We performed a prospective audit of day-case THA in our institution as we reinitiate our full capacity elective services. In parallel, we performed a review of the literature reporting complication or readmission rates at ≥ 30-day postoperative following day-case THA. Electronic searches were performed using four databases from the date of inception to November 2020. Relevant studies were identified, data extracted, and qualitative synthesis performed.

Results

Our evaluation and critique of the evidence-based literature identifies day-case THA to be safe, effective, and economical, benefiting both patients and healthcare systems alike. We further validate this with our institutional elective day surgery arthroplasty pathway (EDSAP) and report a small cohort of successful day-case THA cases as an example in the early stages of this practice in our unit.

Conclusion

Careful patient selection and education, adequate perioperative considerations, including multimodal analgesia, surgical technique and blood loss management protocols and appropriate postoperative pathways comprising reliable discharge criteria are essential for successful day-case THA.

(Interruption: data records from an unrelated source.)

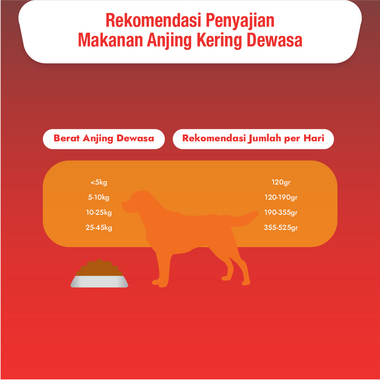 Alpo Adult Beef Liver Vegetables penyajian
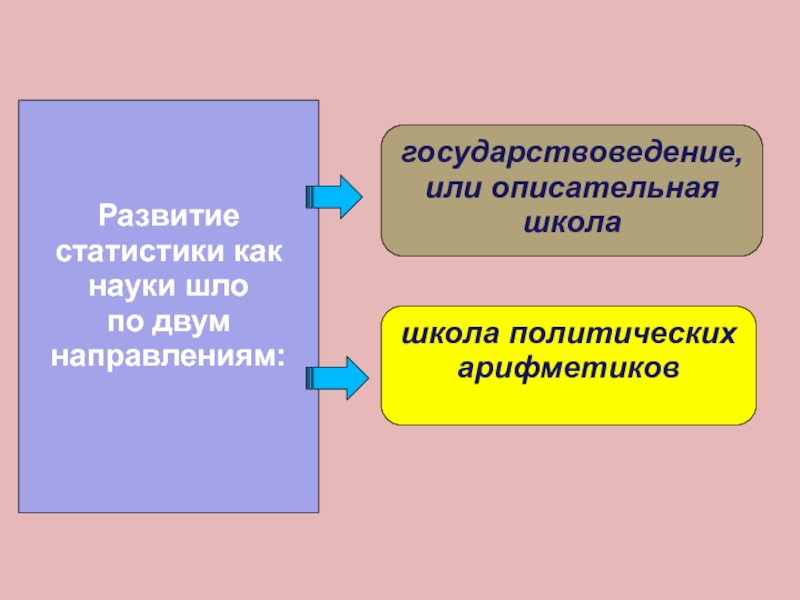 Политические школы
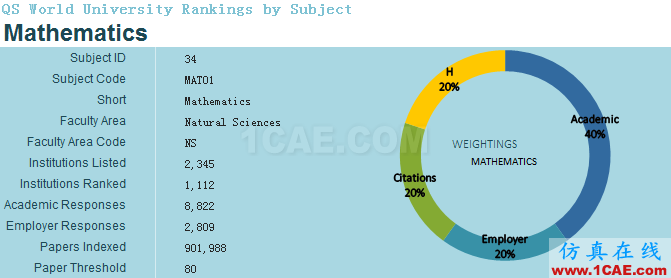 2017年QS世界大學專業(yè)排名發(fā)布，涵蓋46個學科圖片31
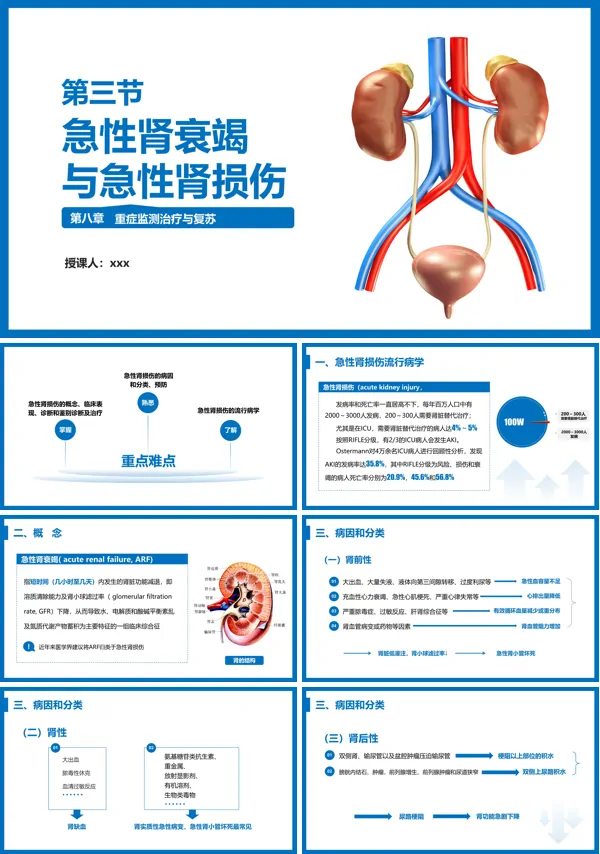 急性肾衰竭与急性肾损伤PPT课件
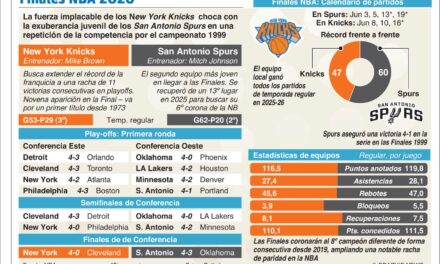 “Ser parte de los Knicks significa mucho”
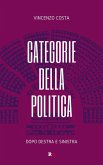 Categorie della politica. Dopo destra e sinistra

Cite this article: Bone Jt Open 2021;2(2):93–102.

Take home message

Early literature demonstrates day-case total hip arthroplasty (THA) proves to be as safe, effective, and more cost-effective than inpatient THA, benefitting both patients and healthcare systems alike.

In a UK NHS-based system, initial results for day-case THA are promising, with low 30-day and 90-day readmission and complication rates.

Careful patient selection and education, adequate perioperative considerations, and appropriate postoperative pathways are essential for successful day-case THA.

Introduction

There is a strong consensus that total hip arthroplasty (THA) is one of the most successful elective operations, combining exceptional functional outcomes with low complication rates.1 With an ageing, more active population, the demand for THA is expected to rise globally, with a projected 400% increase from the early 2000s to 2030.2 This increasing demand for arthroplasty in the coming years can burden healthcare systems universally, particularly from a financial perspective.3 Additionally, a longer length of stay (LOS) in hospital post-THA has been associated with greater morbidity and mortality.4

‘Enhanced recovery’ protocols have been adopted to reduced LOS and have proven successful when compared to the more conformist recovery pathways.5 Although these pathways have led to a reduction in LOS to a few days, day-case or outpatient THA, whereby patients are discharged from hospital on the same day post-surgery, is comparatively less common internationally.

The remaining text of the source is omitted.